One misconception among NRIs is that they can’t repatriate money from their non-resident ordinary (NRO) account.
Emirates 24|7 can reveal that an NRI can do so.
Provided certain conditions are fulfilled, transfer of money from an NRO account to a tax-free non-resident external (NRE) account is possible.
The conditions to be met are: The NRI should hold both his NRO and NRE account with the same bank; must provide proof of source of funds that shows funds are eligible for repatriation; submit form 15CA and form 15 CB and a cheque/letter for funds transfer.
As per the Reserve Bank of India, up to $1 million can be transferred from NRO to NRE in a financial year.
Jitendra Gianchandani, Chairman, Jitendra Consulting Group, states it is now beneficial for NRIs to hold money in their NRE account, where interest rates are on par with the NRO account, besides the interest being tax-free.

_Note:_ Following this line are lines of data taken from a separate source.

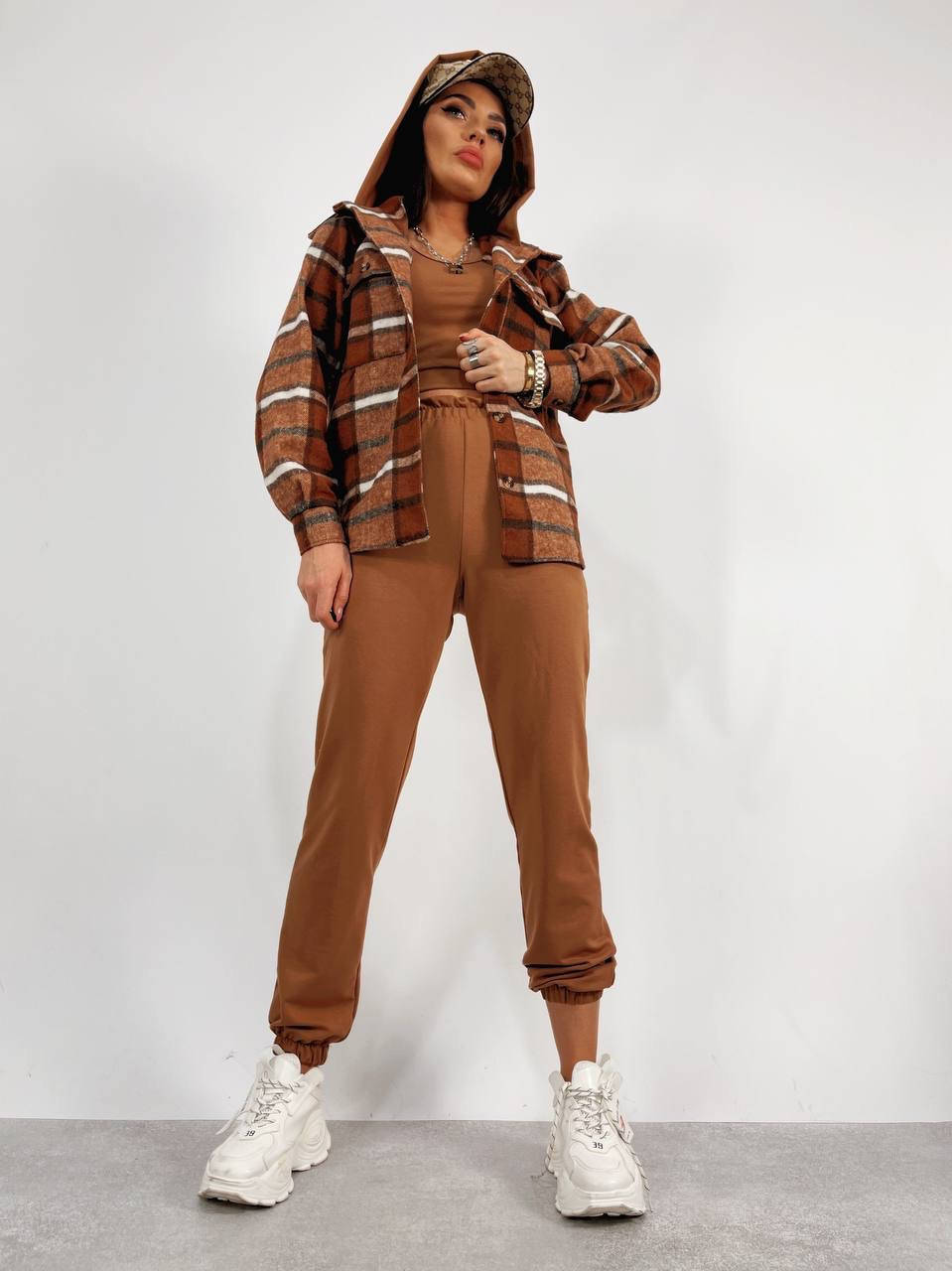 

Костюм тройка женский двунитка с рубашкой байка S; M; L; XL (4цв) "RYSLANA-2" от прямого поставщика, Разные цвета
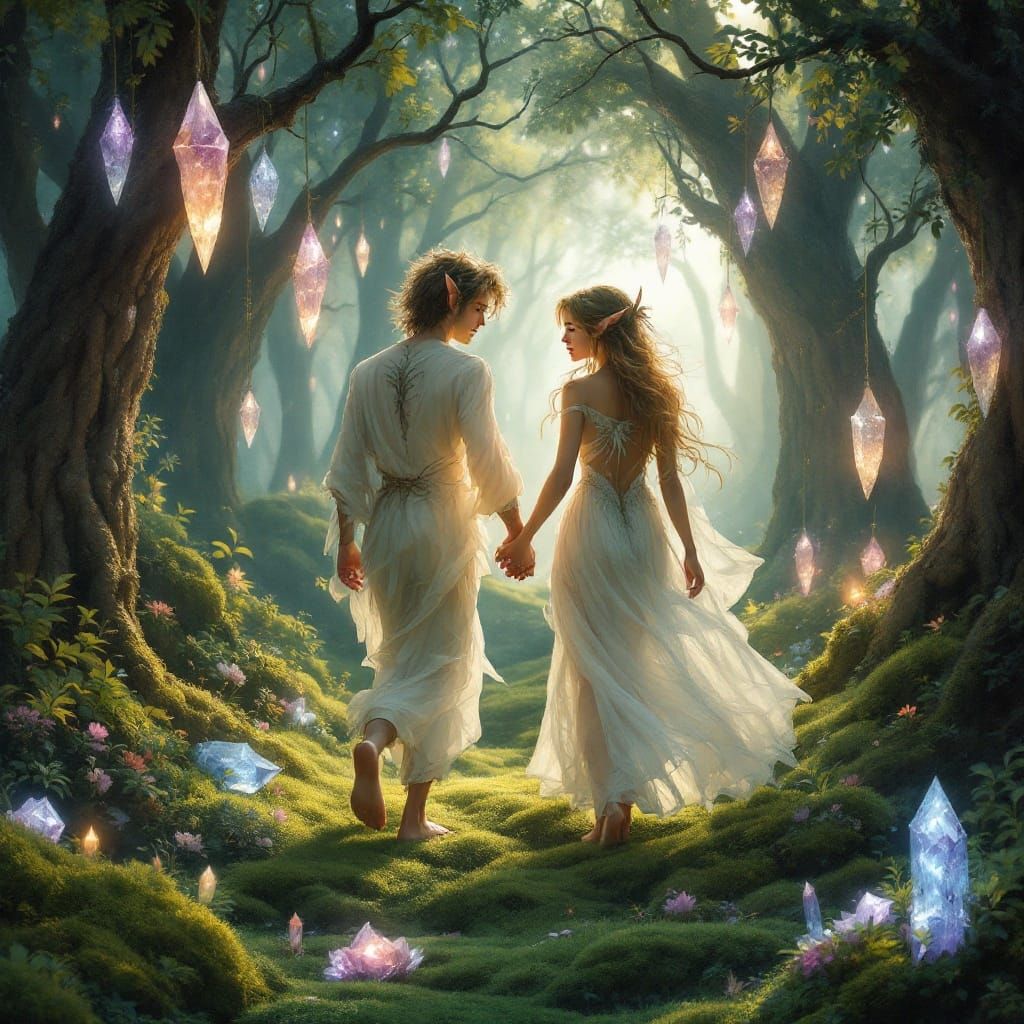 Elfin Lovers Stroll through a Whimsical Forest Glade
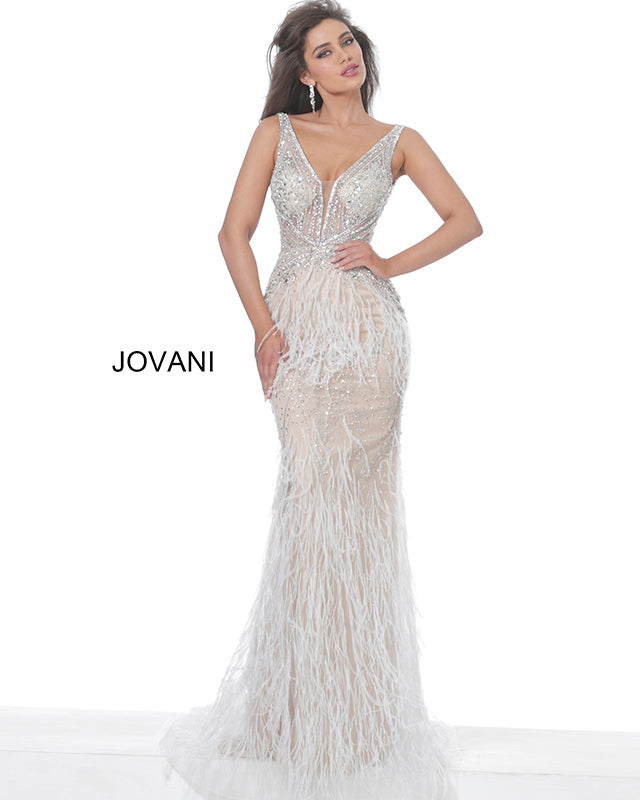 Jovani 03023 is a 2021 Prom Dress, Pageant Gown, Wedding Dress & Formal Evening wear. This Sheer embellished bodice features a plunging v neckline with beading & crystal accents cascading through a feather embellished skirt. Very stunning and unique wedding dress!   Available Colors: Off White, Blush, Black  Available Sizes: 00-24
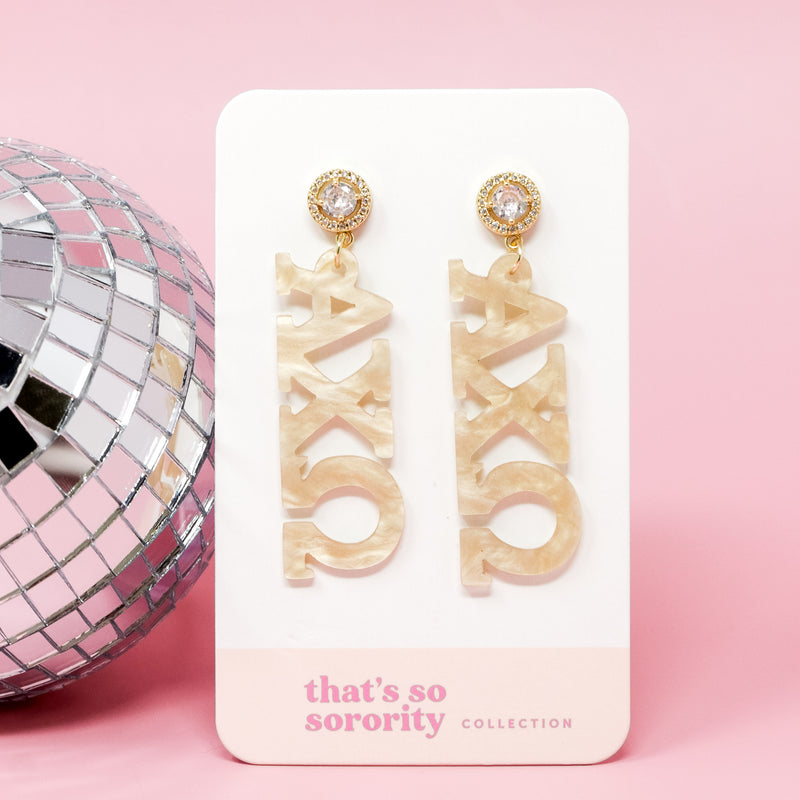 Alpha Chi Omega Sorority Letter Gold Acrylic Earrings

“NRIs have to fill up the 15CA to transfer from NRO to NRE and get a certificate from a chartered accountant in 15CB.
“Once that procedure is done, they can transfer funds to their NRE accounts whenever they want. They don't require any permission.”
Gianchandani points out to the following advantages:
- Saving on tax ultimately increase the RoI: Interest on NRO is taxable and interest on NRE is tax free, so one can save tax of 15/30 per cent TDS and no TDS based on Double Taxation Avoidance Agreement.
- Saving on transaction costs as no need to transfer from NRO to foreign currency and from foreign currency to NRE.
Akash Singh, says: “My bank (Kotak Mahindra) recently informed me of this option. I was totally unaware of this. I will soon be transferring my funds to my NRE account since it is tax-free and I can repatriate it any time. ”
D Kavita, holding a NRO account with HDFC Bank, too was unaware of the option.
“I was under the impression that funds in NRO account could not be repatriated.
I opened an NRO fixed deposit last year as the interest rates were pretty good. But to get a tax rebate, I have submit a DTAA form every year.”
She adds: “It is much better for me to get my money transferred to my NRE account so I don’t have to take the trouble of submitting the forms every year.”